The Rescue

One day, sometime around 1970 I was making a visit to my sub-divisional headquarters, which in those days was situated in Copeland Street, Stoke-on-Trent. A man came rushing up the front steps into the Enquiry Office shouting that a man had jumped from the Canal Bridge in Glebe Street and into the canal. This was only a very short distance from the Police Station.

Several of us downed what we were doing and rushed across the road and through a Council Yard to gain access to the Towpath. Sure enough – there was our man. He was in the middle of the canal basin about thirty feet from the towpath. When he had jumped in he was fully clothed, right down to a trilby hat. He was also wearing a belted gabardine raincoat. When he had landed in the water, air inflated his raincoat and got trapped by the belt to form a lifesaving float. He was bobbing about in the water like one of those doll figures that budgerigars try to knock over but they refuse to lie down. His trilby hat was firmly in place.

The Sergeant duly dispatched two of our number to a nearby transport firm to borrow a rope which he proposed throwing across the canal to the stricken being who by this time was shouting for help. Whilst my colleagues were away, the Sergeant kindly instructed me to prepare my self to go in to the canal to effect the rescue if his plan failed. I removed my overcoat, tunic top and my boots. Much to my relief, the plan worked! The rope was thrown out, our man grabbed it and with a lot of ‘heave-hoeing’ he arrived at the towpath. At this point I stepped backwards, still in my stocking feet, straight into a large puddle. Fortunately that was as wet as I got.

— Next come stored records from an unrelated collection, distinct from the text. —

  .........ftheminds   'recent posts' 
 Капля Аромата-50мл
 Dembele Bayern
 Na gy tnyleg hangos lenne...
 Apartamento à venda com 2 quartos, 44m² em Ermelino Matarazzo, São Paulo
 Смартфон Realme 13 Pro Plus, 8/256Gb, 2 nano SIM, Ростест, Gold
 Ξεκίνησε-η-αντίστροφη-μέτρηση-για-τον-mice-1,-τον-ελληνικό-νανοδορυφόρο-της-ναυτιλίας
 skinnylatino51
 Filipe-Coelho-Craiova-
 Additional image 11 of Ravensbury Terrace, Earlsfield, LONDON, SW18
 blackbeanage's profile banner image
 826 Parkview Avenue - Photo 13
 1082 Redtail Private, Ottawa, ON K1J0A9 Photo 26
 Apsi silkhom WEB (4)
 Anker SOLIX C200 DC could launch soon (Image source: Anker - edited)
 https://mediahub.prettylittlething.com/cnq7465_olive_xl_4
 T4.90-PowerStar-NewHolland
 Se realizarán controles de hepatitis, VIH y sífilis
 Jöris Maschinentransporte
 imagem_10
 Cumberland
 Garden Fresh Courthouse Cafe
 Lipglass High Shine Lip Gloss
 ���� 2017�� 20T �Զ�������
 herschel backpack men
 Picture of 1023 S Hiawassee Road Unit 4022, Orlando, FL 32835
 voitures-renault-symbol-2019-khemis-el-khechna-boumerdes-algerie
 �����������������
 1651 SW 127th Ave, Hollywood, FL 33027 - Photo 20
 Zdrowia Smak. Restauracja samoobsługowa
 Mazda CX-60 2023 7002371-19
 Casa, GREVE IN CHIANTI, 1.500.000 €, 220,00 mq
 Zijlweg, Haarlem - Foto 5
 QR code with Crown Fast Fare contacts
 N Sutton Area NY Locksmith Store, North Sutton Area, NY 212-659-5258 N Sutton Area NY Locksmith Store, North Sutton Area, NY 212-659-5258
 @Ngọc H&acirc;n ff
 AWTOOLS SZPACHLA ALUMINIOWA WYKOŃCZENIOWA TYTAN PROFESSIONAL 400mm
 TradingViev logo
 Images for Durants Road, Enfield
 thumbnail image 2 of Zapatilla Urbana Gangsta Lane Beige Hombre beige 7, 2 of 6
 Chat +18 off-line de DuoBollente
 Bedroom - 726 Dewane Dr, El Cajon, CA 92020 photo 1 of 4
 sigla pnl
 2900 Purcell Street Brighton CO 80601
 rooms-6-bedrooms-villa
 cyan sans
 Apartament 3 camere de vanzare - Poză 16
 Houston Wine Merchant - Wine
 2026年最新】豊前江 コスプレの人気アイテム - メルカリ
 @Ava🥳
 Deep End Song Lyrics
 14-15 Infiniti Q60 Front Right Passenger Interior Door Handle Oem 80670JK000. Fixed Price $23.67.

The following day I made an evening trip to my local hostelry for a “swift half”. To my embarrassment, as I entered the Bar, a round of applause and various comments to do with me being the local “hero” greeted me. When asked what they were all on about, somebody gave me a copy of the local evening newspaper and pointed to the headline “Canal rescue” on an inside page.

Where its Author got his information from I do not know, but on reading the item I discovered that I had apparently dived into the canal and swum out to rescue our man. There was much laughter, as you can imagine, when I explained what had really happened and that the wettest I got was by stepping in the puddle.

The moral of this I think is that you should not always believe what you read in the papers!